These barely discrete worlds of Mail-art and language experiment are and have been connected through individuals and ideas. Any attempts to categorize must provide context for comprehension, rather than items on an agenda, therefore some basic history is required. There are many and various sub-divisions within the world of mail art; too many to be pertinent here. I will not address the iconography of rubberstamps or artistamps, nor will I enlarge on the arrests of so-called subversives, or the legal adventures of pranksters and provocateurs. Likewise I cannot offer a survey of visual or sound poetry. I am forced to bypass the multiple issues raised by the term ‘concrete’ and the aesthetics of the photocopy or the tape-recording. I shall instead focus on certain exhibitions to which WLS contributed, and some examples of his mailed and text pieces. Although his work may not follow the aggressive collage aesthetic of much later correspondence art, the avenues that led him to use the mail, and a number of issues his projects and comments raise, offer glimpses into the development of contemporary conceptual art.
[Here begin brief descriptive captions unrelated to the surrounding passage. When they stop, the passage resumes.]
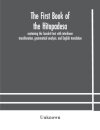 The first book of the Hitopadesa; containing the Sanskrit text with interlinear transliteration, grammatical analysis, and English translation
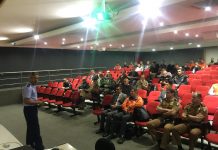 Oficiais do DECEA ministram palestra para Segurança Pública do Paraná sobre o uso DRONES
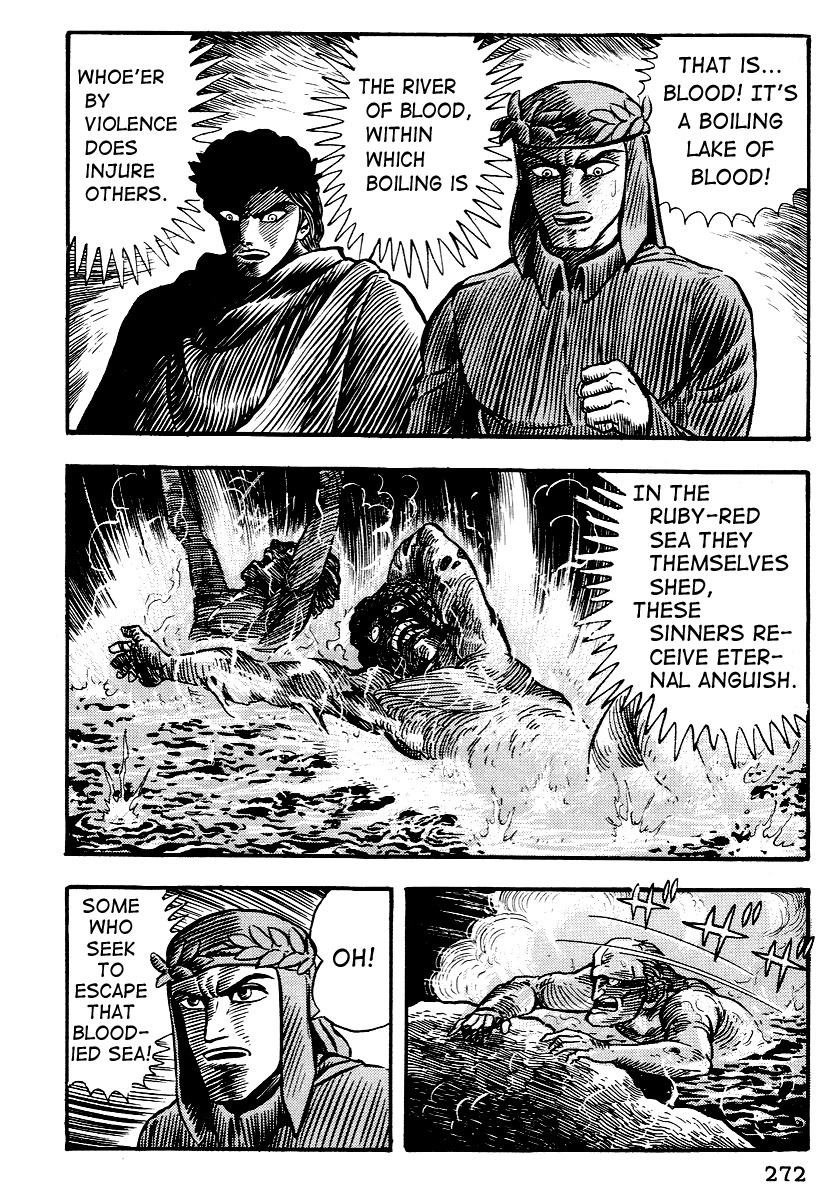Dante Shinkyoku Chapter 11 page 10 - Chapter 11: The Seventh Circle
There is general agreement about the beginnings of Mail-art, which comes at the price of precision. Certainly since the organization of official, national postal services, there have been those who used them imaginatively, but Mail-art is a mainly western phenomena, infected with the irony of the avant-garde. Marcel Duchamp’s LHOOQ was attached to a postcard, Kurt Schwitters made use of postage stamps, Bern Porter claims he began in November, 1914, but none of these can be identified as the first Mail-art. A nod is given to FT Marinetti, and the dadas embody the right spirit; surrealists collaborated at a distance on marvelous projects and the College of ‘Pataphysics built a network around a ludic concept; but accurate history demands stricter definitions than Mail-art currently allows.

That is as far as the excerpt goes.